The federal judge presiding over the landmark youth-led climate lawsuit has given the green light for the case to proceed to trial.

U.S. District Judge Ann Aiken denied motions filed earlier this year by the Trump administration that would have halted discovery and trial in Juliana v. United States, the first case in which a U.S. court has recognized the constitutional right to a safe climate.

In her ruling on Monday, Aiken rebuked claims by the Trump administration that the suit falls under the Administrative Procedures Act. That law outlines procedures for judicial review when plaintiffs make claims against a federal agency.

“Plaintiffs do not contend that any single agency action is causing their asserted injuries—nor could they, given the complex chain of causation involved in climate change. They seek review of aggregate action by multiple agencies, something the APA’s judicial review provisions do not address,” Aiken wrote in her opinion.

She also brushed off claims by the federal government that the young plaintiffs lacked standing in the case, ruling that the plaintiffs—who have submitted depositions and other evidence suggesting they have been harmed by the impacts of climate change—have demonstrated they have been harmed, that harm will continue and the harm can be attributed to the defendants.

“Plaintiffs submit evidence that fossil fuel emissions are responsible for most of the increase in atmospheric CO2 and that increasing CO2, in turn, is the main cause of global warming, and that the atmospheric concentrations of greenhouse gasses, due to fossil fuel combustion, are increasing quickly such that planetary warming is accelerating at rates never before seen in human history,” Aiken wrote.

Julia Olson, executive director and chief legal counsel of Our Children’s Trust and co-counsel for youth plaintiffs praised the  ruling.

“The District Court continues to provide well-reasoned decisions that narrow and appropriately frame the heart of this case for trial,” Olson said.

“Today the parties are filing with the court their witness lists and their pretrial memoranda. We are finalizing exhibits for trial and our experts and plaintiffs have booked their tickets to Oregon. We are ready to bring all of the facts forward and prove these youths’ case once and for all.”

In her ruling, Aiken noted that both plaintiffs and defendants agree that the federal government has contributed to the harm.

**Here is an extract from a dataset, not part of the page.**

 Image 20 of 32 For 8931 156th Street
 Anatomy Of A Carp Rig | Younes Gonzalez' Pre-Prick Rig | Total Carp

“Federal defendants have admitted that ‘from 1850 to 2012, CO2 emissions from sources within the United States including from land use ‘comprised more than 25 [percent] of cumulative global CO2 emissions.”

Aiken also rejected the government’s contention that a trial would violate the separation of powers doctrine. The government has argued that climate policy should be made by the legislative and executive branches, not by the courts.

“Courts have an obligation not to overstep the bounds of their jurisdiction, but they have an equally important duty to fulfill their role as a check on any unconstitutional actions of the other branches of government,” she wrote in the opinion.

Aiken did allow the motion to dismiss President Trump from the suit. He was dismissed with prejudice, however, meaning he could be called to testify in the future. In the hearing Aiken held on the government motions in July, the Department of Justice attorneys said they would only accept Trump’s dismissal without prejudice, so no future claims could be brought.

The suit was originally filed in August 2015 by 21 young plaintiffs from across the country who argue the U.S. government has failed to protect them from climate change by supporting an energy system reliant on fossil fuels. They are asking the federal government to implement a science-based plan to slow climate change.

The Trump administration has made several attempts to dismiss the case and thwart discovery and on Friday filed a third writ of mandamus request to the Ninth Circuit Court of Appeals, which has already denied the first two. It also indicated it intends to file a second petition to the U.S. Supreme Court on Wednesday.

So far, all have failed to stop the case and trial is scheduled to begin Oct. 29 in Aiken’s courtroom in Eugene, Ore.